Śmierć czai się na... prostej drodze

Marcin Banasik
Marcin Banasik
Na drodze zbyt często ponosi nas ułańska fantazja
Na drodze zbyt często ponosi nas ułańska fantazja Fot. Jarosław Jakubczak
Podczas deszczu, śniegu lub mgły jeździmy ostrożnie, ale liczba wypadków drastycznie wzrasta przy ładnej pogodzie

Wydawać by się mogło, że złe warunki atmosferyczne mają duży wpływ na wzrost liczby wypadków. Statystyki policyjne tego nie potwierdzają. W 2016 roku do ponad 20 tys. wypadków (to aż 60 proc. wszystkich) doszło przy dobrej pogodzie. Być może mgła, śnieg albo deszcz zmuszają kierowców do uważnej jazdy i dlatego podczas tych zjawisk atmosferycznych dochodzi tylko do odpowiednio 1 proc. (mgła), 2 proc. (śnieg) i 15 proc. (deszcz) wypadków drogowych?

Coraz większy pośpiech przenosimy na drogi

Te dane nie dziwią Bartłomieja Morzyckiego, prezesa stowarzyszenia Partnerstwo dla Bezpieczeństwa Drogowego.

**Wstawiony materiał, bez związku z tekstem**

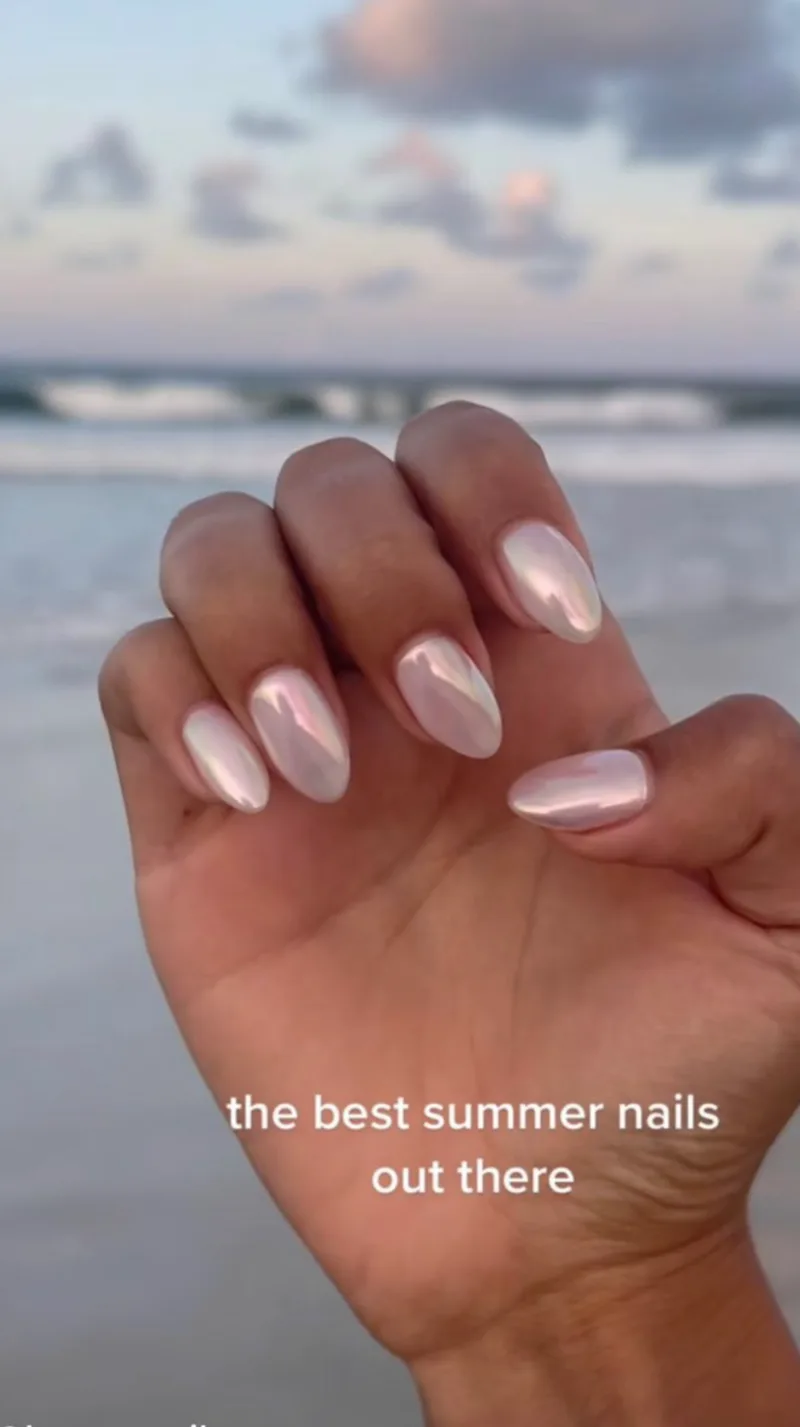 Simple Beach Nails 2026: Easy Ideas for Your Next Vacation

- Taką tendencję obserwujemy od lat. Większość kierowców na taki zestaw, wydawałoby się, sprzyjających warunków do jazdy, reaguje wciśnięciem „gazu do dechy” i bardziej ryzykownymi manewrami, na przykład wyprzedzania. Przy okazji zmniejsza się koncentracja kierowców, którzy słabiej przewidują zagrożenia na drodze - mówi Morzycki.

Zdaniem prezesa stowarzyszenia zdecydowanie większa liczba wypadków w czasie ładnej pogody pokazuje, że Polakom daleko do miana kierowców odpowiedzialnych. - Ponosi nas ułańska fantazja, od której, akurat na drodze, powinniśmy być daleko. Coraz większy pośpiech, który towarzyszy nam w życiu codziennym przenosimy na drogi zapominając, że lepiej przyjechać 15 minut później, niż nie dojechać w ogóle - dodaje.

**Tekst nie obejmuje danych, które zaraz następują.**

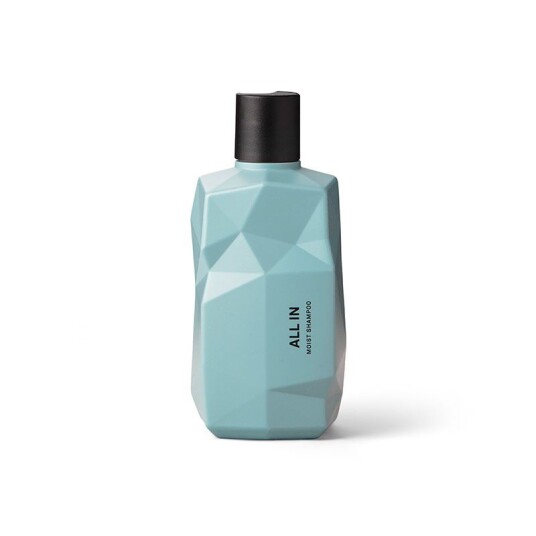 Nine Yards All In Moist Shampoo 300 Ml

Z policyjnych statystyk wynika, że sprawcami wypadków wciąż zbyt często są pijani kierowcy. W 2016 r. spowodowali oni prawie 3 tys. wypadków, w których zginęły 383 osoby, a 3300 zostało rannych. Najczęściej do kolizji dochodziło w soboty (615) i niedziele (531). Pijani kierowcy powodowali wypadki najczęściej w godz. 18-19 (295). W ubiegłym roku w Małopolsce na jeździe po pijanemu przyłapano 9883 osoby (o ok. 1800 mniej niż w 2015 r.). To jednak trzeci najgorszy wynik w kraju (za Wielkopolską i Śląskiem).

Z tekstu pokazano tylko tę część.